Table 5: Effect of KALYDECO on Other Efficacy
Endpoints in Trials 1 and 2
| Trial 1 | Trial 2 | |||
| Treatment differencea (95% CI) | P value | Treatment difference a (95% CI) | P value | |
| Mean absolute change from baseline in CFQ-R respiratory domain score (points) | ||||
| Through Week 24 | 8.1 (4.7, 11.4) | <0.0001 | 6.1 (-1.4, 13.5) | 0.1092 |
| Through Week 48 | 8.6 (5.3, 11.9) | <0.0001 | 5.1 (-1.6, 11.8) | 0.1354 |
| Relative risk of pulmonary exacerbation | ||||
| Through Week 24 | 0.40 b | 0.0016 | NA | NA |
| Through Week 48 | 0.46 b | 0.0012 | NA | NA |
| Mean absolute change from baseline in body weight (kg) | ||||
| At Week 24 | 2.8 (1.8, 3.7) | <0.0001 | 1.9 (0.9, 2.9) | 0.0004 |
| At Week 48 | 2.7 (1.3, 4.1) | 0.0001 | 2.8 (1.3, 4.2) | 0.0002 |
| Absolute change in sweat chloride (mmol/L) | ||||
| Through Week 24 | -48 (-51, -45) | <0.0001 | -54 (-62, -47) | <0.0001 |
| Through Week 48 | -48 (-51, -45) | <0.0001 | -53 (-61, -46) | <0.0001 |
| CI: confidence interval; NA: not analyzed due to low
incidence of events a Treatment difference = effect of KALYDECO – effect of Placebo b Hazard ratio for time to first pulmonary exacerbation |
||||
The efficacy and safety of KALYDECO in patients with CF who have a G1244E, G1349D, G178R, G551S, G970R, S1251N, S1255P, S549N, or S549R mutation in the CFTR gene were evaluated in a two-part, randomized, double-blind, placebo-controlled, crossover design clinical trial in 39 patients with CF (Trial 4). Patients who completed Part 1 of this trial continued into the 16-week open-label Part 2 of the study. The mutations studied were G178R, S549N, S549R, G551S, G970R, G1244E, S1251N, S1255P, and G1349D. See Clinical Studies for efficacy in patients with a G551D mutation.

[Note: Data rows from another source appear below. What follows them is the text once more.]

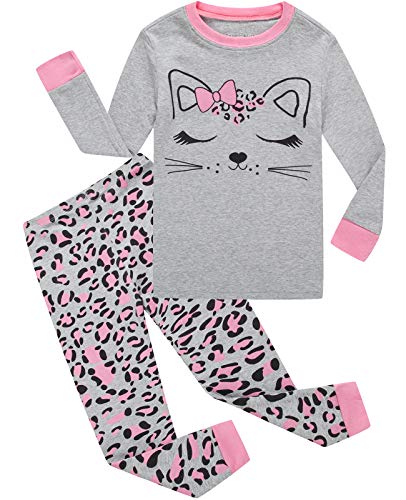 Dolphin&Fish Girls Cotton Pajamas Toddler Set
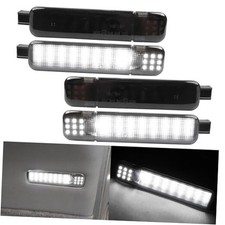 Led Side Door Panel Lights Courtesy Light Fit for Chevy White-Smoking Lens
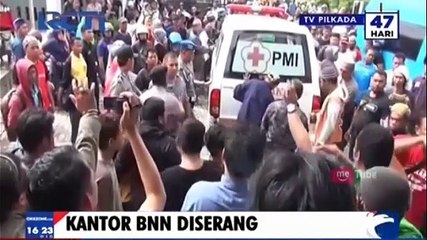 Kantor BNN Kaltim Dirusak Massa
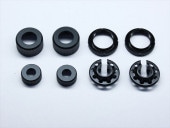 TRF����ѡ��ѥ���ߥѡ��ĥ��å�(�֥�å�) ���ߥ����� Aluminum part set (black) TAMIYA general purpose for TRF damper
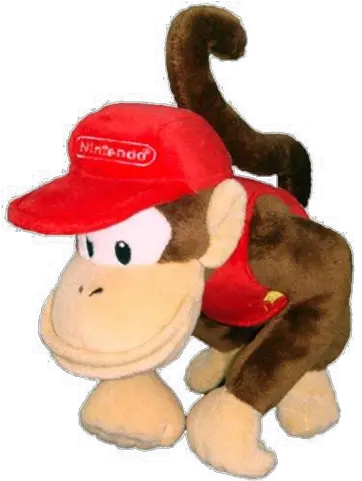  Diddy Kong 6 Plush Flipside Gaming Diddy Kong Plush Png Donkey Kong Transparent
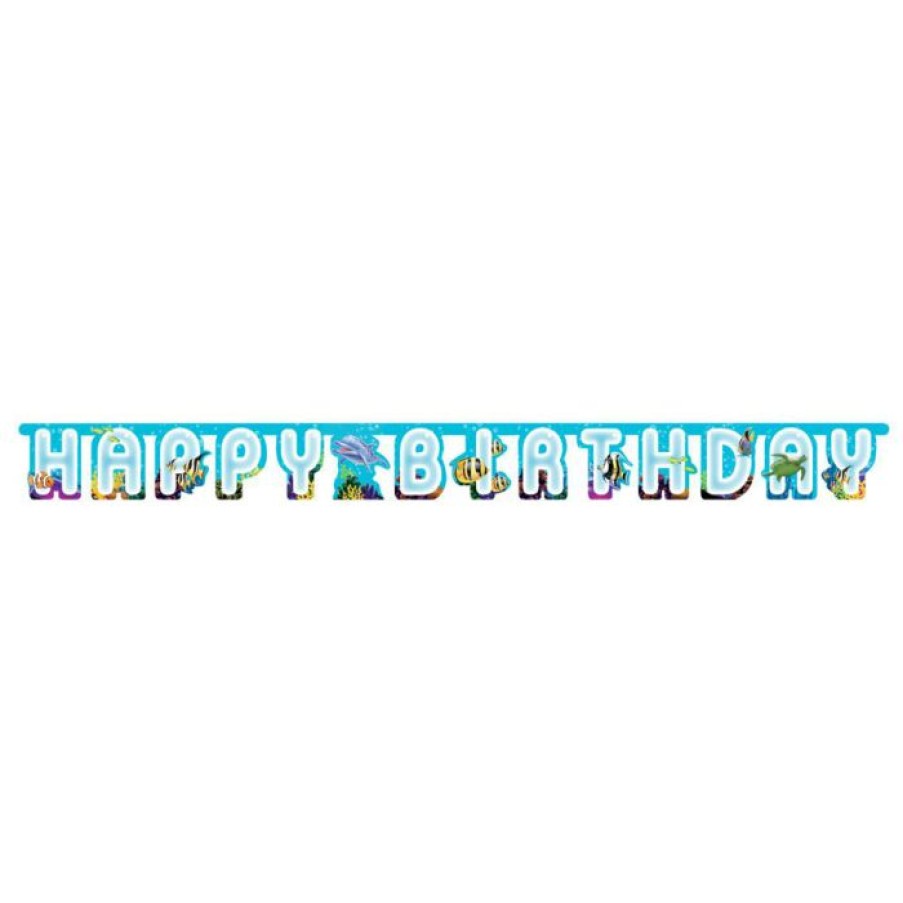 Birthdays * | Creative Converting Kids Birthday Party Themes Ocean Party Jointed Banner, Large (12/Case)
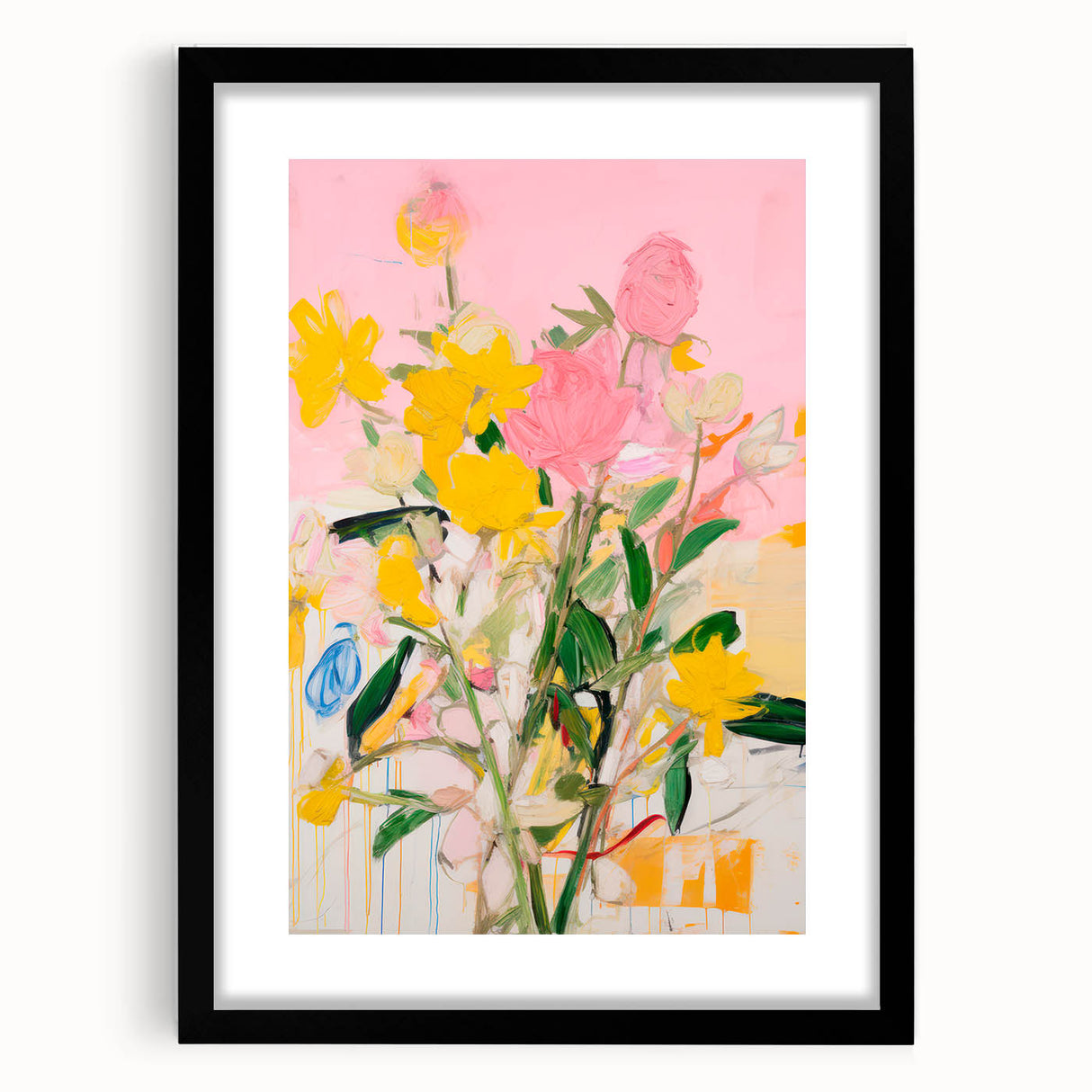 Maximalist Wall Art - Bold Abstract Floral Design - Vibrant Decor Piece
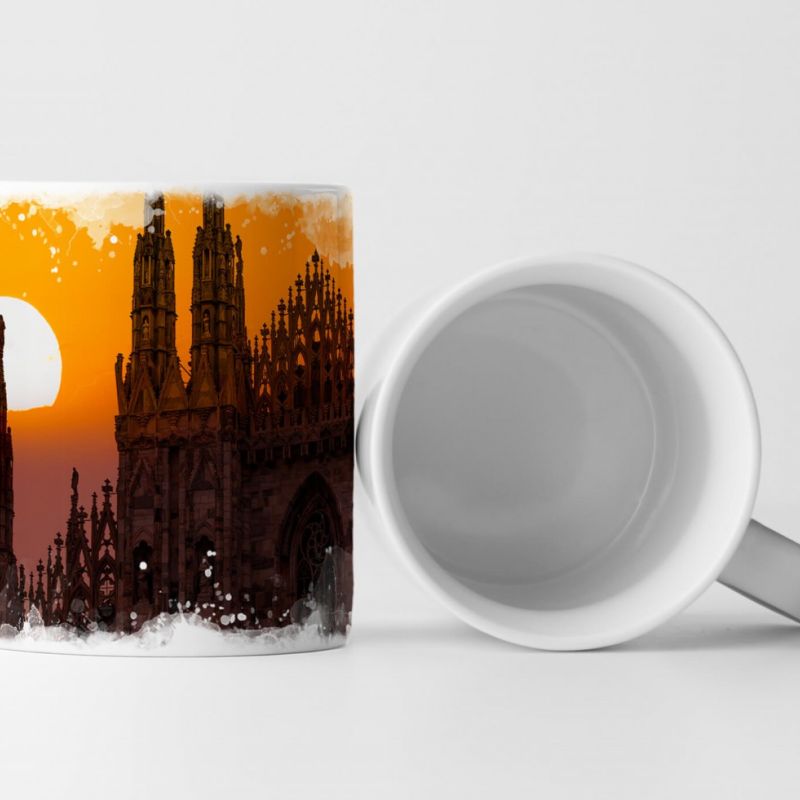 Tasse Geschenk Dom – Mailand Sonnenuntergang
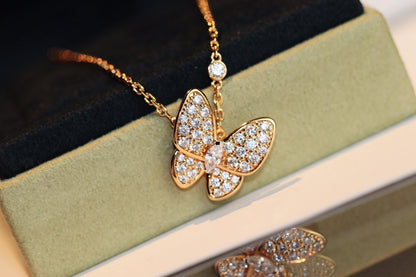 [CLOVER JEWELRY]BUTTERFLY DIAMOND NECKLACE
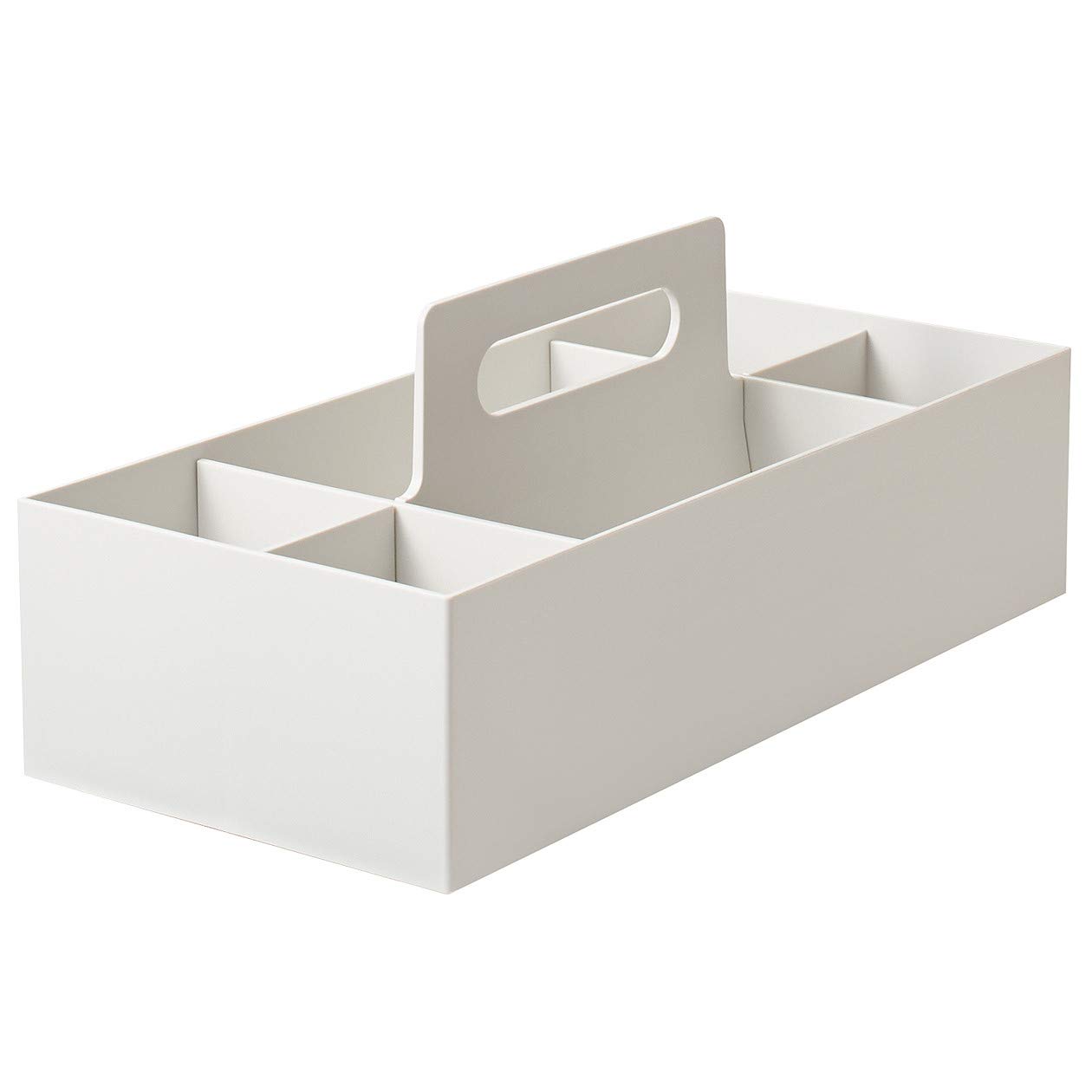

MUJI Polypropylene Storage Carry White 1 37035508 Box, Wide, Gray, Box, белый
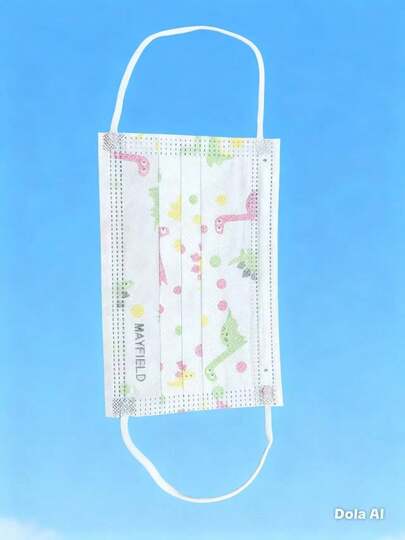 Mascarillas Desechables Niño 50 Piezas Uso Diario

Patients were 6 years of age or older (mean age 23 years) with FEV1 ≥40% at screening [mean FEV1 at baseline 78% predicted (range: 43% to 119%)]. Patients with evidence of colonization with Burkholderia cenocepacia, Burkholderia dolosa, or Mycobacterium abscessus and those with abnormal liver function defined as 3 or more liver function tests (ALT, AST, AP, GGT, total bilirubin) ≥3 times the upper limit of normal at screening were excluded.
Patients were randomized 1:1 to receive either 150 mg of KALYDECO or placebo every 12 hours with food containing fat for 8 weeks in addition to their prescribed CF therapies during the first treatment period and crossed over to the other treatment for the second 8 weeks. The two 8-week treatment periods were separated by a 4- to 8-week washout period. The use of inhaled hypertonic saline was not permitted.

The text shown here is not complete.